The top executive at the Water and Power Authority gave a partial explanation for the week-long series of rolling blackouts that affected St. John and portions of St. Thomas. WAPA Chief Executive Officer Andrew Smith told members of the utility’s governing board he would have a fuller explanation by Monday.
Smith’s initial assessment was delivered Thursday during the regularly scheduled board meeting. Thousands of customers on St. John and eastern St. Thomas experienced a week’s worth of two-hour scheduled power outages between Sept. 16 and Sept. 23.
Temporary service outages were ordered after construction work along a St. Thomas roadway damaged a power cable housed inside an electrical duct bank. The WAPA chief told the board the particular section of underground housing was close to 50 years old. “The cable that was punctured is a primary cable that is part of Feeder 13 which delivers power from the Randolph Harley Power Plant to the Tutu Substation,” said a WAPA statement issued Sept. 16.
“This particular section of the line was installed in the 1970s,” Smith said. He added that the area repair crews were dispatched to was hard to access and inundated with sludge.
To locate the problem, crews sectioned out the damaged portion of cable, but replacing it was a time-consuming task performed in a confined space by a small team of workers. Excessive daytime temperatures increased the hazards around the workspace, with support crews standing above ground checking to make sure no heat-related ailments cropped up.

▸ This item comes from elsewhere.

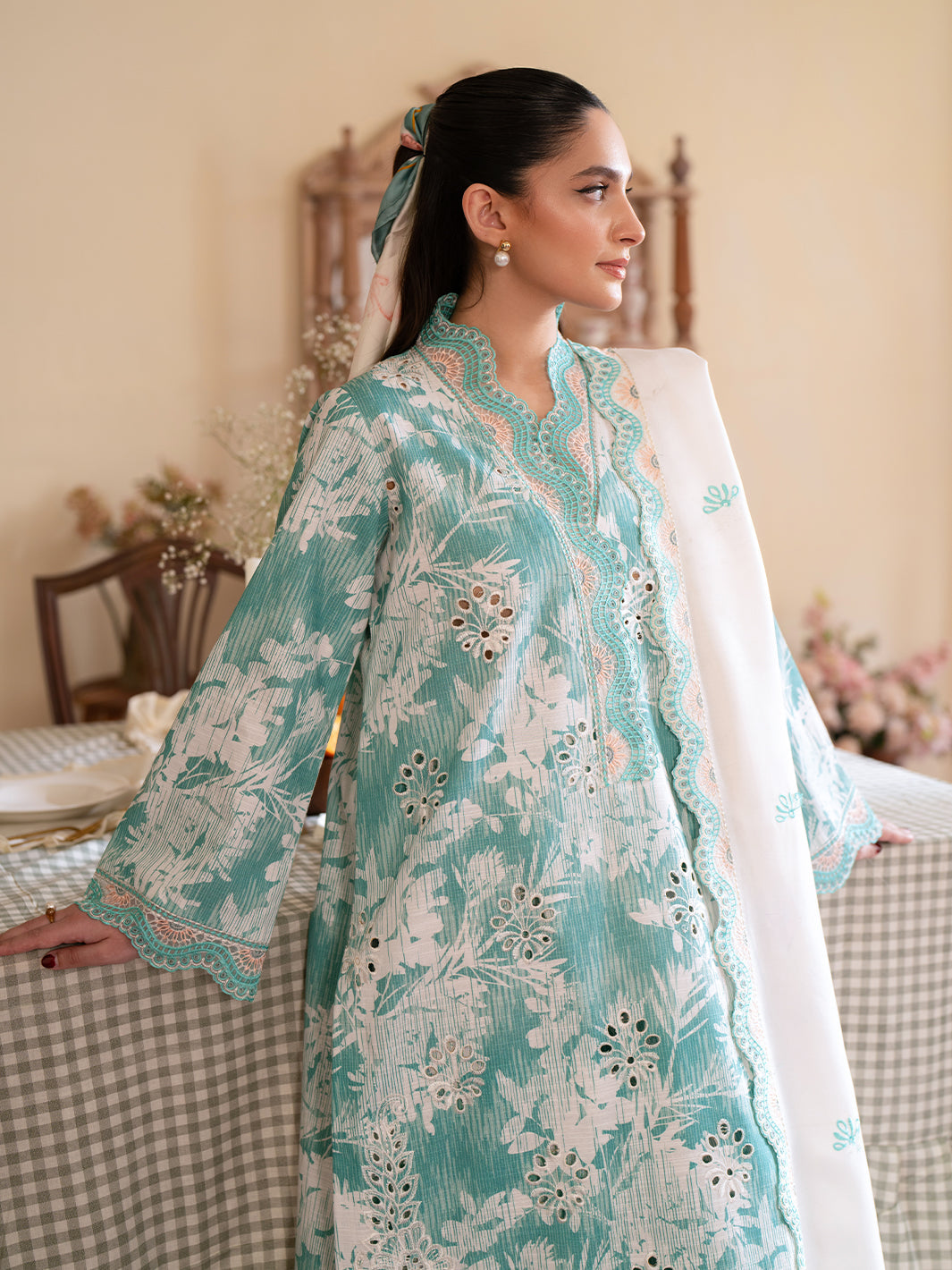 Mahnur | Leila Winter 24 | Azure - Official Mahnur stockist in UK - Sakeena London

“It was 24-7; crews were getting by on a handful of sleep,” Smith said.
WAPA Board Chairman Kyle Fleming said he’s looking forward to hearing more at a post-mortem meeting scheduled for Monday. WAPA Safety Director Josh Jones said he was looking forward to having “a full, robust discussion about accountability.”
But the safety director said considering there were utility teams working with three sets of contractors who had never worked together before, the repairs were completed without any injuries.
“This was probably the longest-duration outage we’ve had over the last six years,” Jones said.